The surgery center ultimately decided to maintain its current policy of leaving patient warming to the discretion of individual anesthesia providers, perhaps because we use forced-air warming so seldom that we wouldn't save significantly if we eliminated it. As a general rule, patients undergoing minor procedures lasting 15 to 30 minutes receive warmed cotton blankets. Only patients scheduled to undergo procedures expected to last longer than an hour receive forced-air warming gowns. We also keep IV fluid in warming units until it's administered.

We need to extend the research we conducted in the surgery center to the hospital's main ORs to see if the results are consistent and to determine if we can realize significant savings. Anesthesia providers in the hospital administer warmed IV fluids and apply forced-air warming to every patient who undergoes surgery, regardless of procedure type or length. When you consider the main ORs host 50 to 100 patients a day, eliminating the $35 to $100 that active warming adds to the cost of a case could produce significant savings over the course of a year.

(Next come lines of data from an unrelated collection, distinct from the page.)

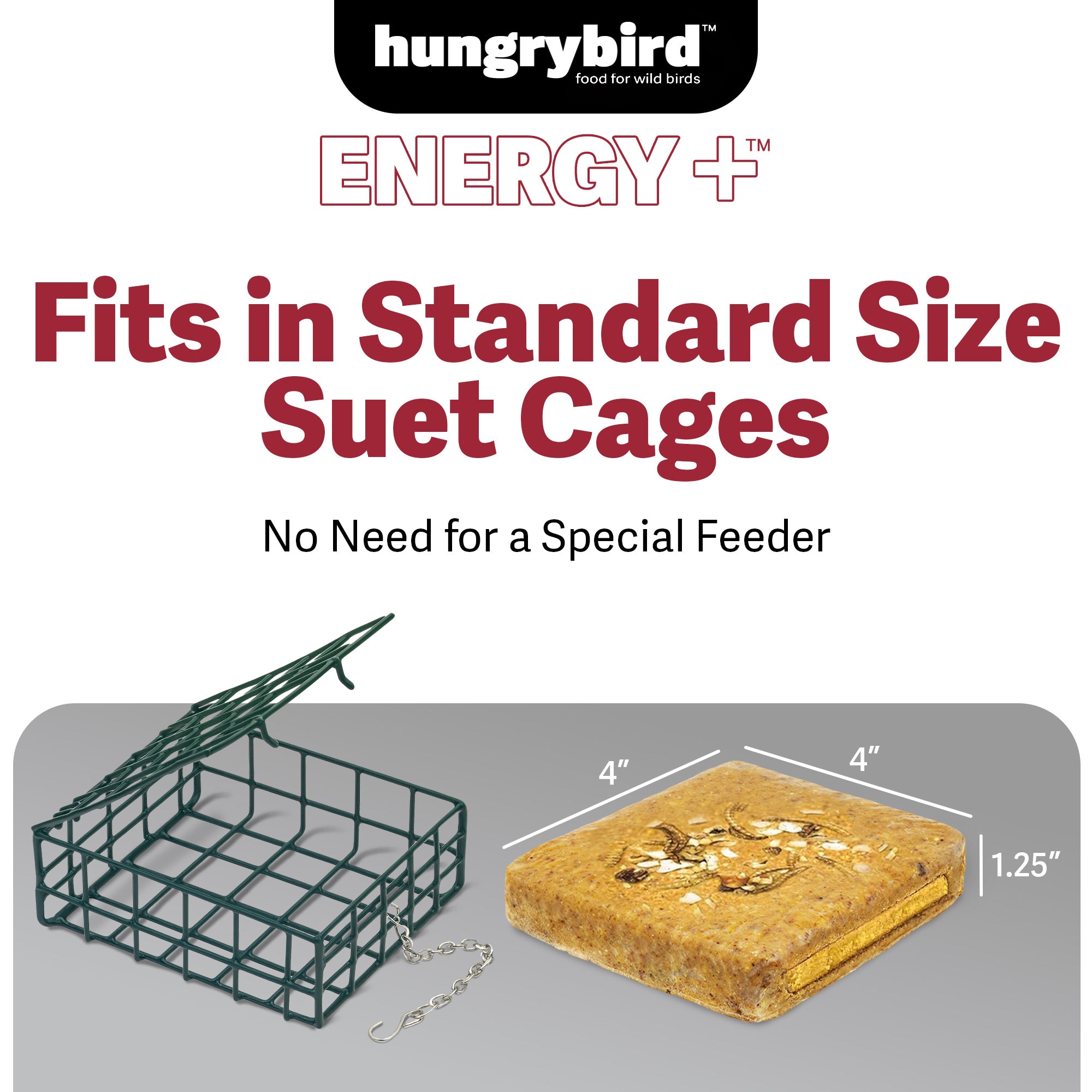 Hungrybird Energy+ No-Melt, High-Protein Suet Cake with Mealworm Filling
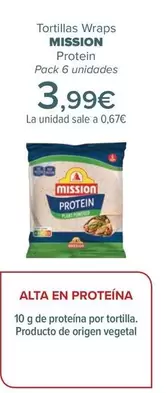 Oferta de Mission - Tortillas Wraps Protein por 3,99€ en Carrefour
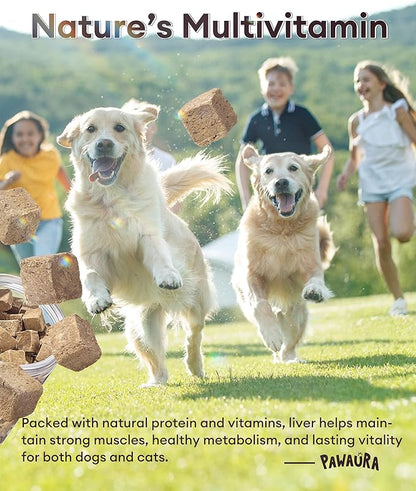 Freeze-Dried Chicken Liver Treats for Dogs & Cats, (1.1lb) Value Tub, Single Ingredient, High-Protein, Grain-Free Natural Snack, Perfect for Training, Rewarding, or Meal Topper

However, CMS's Surgical Care Improvement Project recommends active warming for patients who undergo procedures lasting longer than an hour. Medicare won't fully reimburse hospitals for the care of a patient if a hypothermic event occurs during surgery or if a surgical site infection can be linked to hypothermia, so there are significant financial implications associated with failing to maintain normothermia that drive the policy of applying forced-air warming to all patients in our main ORs. ASCs don't yet have Medicare reimbursements tied to meeting SCIP guidelines, but it's moving in that direction, and at some point they will be held to the same patient warming standards.

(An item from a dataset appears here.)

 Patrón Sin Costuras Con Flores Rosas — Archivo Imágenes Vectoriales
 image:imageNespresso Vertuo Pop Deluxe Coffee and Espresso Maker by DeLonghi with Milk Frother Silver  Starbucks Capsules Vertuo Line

A neurosurgeon has offered to help me conduct the surgery center study in the medical center's main ORs with the hope of publishing the results in a peer-reviewed journal. If a clinical trial can definitely prove that warmed blankets are as effective as active warming in preventing hypothermia, CMS might have to reconsider its SCIP standards. Will that ever happen? Maybe. But until it does, active warming remains a key component of hypothermia prevention efforts. Combining it with warmed IV fluid and warmed cotton blankets helps keep patients normothermic.

Take care of our own
You want to prevent hypothermia because when the core body temperatures dips below 36 ?C, a cascade of adverse events can occur, including delayed wound healing, increased risk of infection, poor drug metabolism, heightened risk of post-op heart attack, hypertension and delayed discharge. In fact, published research has shown that maintaining normothermia decreases post-op lengths of stay by 40% and risk of surgical site infections by 64%. Even if none of those unwanted outcomes happen, cold patients might be more anxious during their stay and shivering patients aren't usually happy, meaning your satisfaction scores might also take a hit. Cost considerations and reimbursement implications are important, but isn't improving patient care the bottom line that matters most?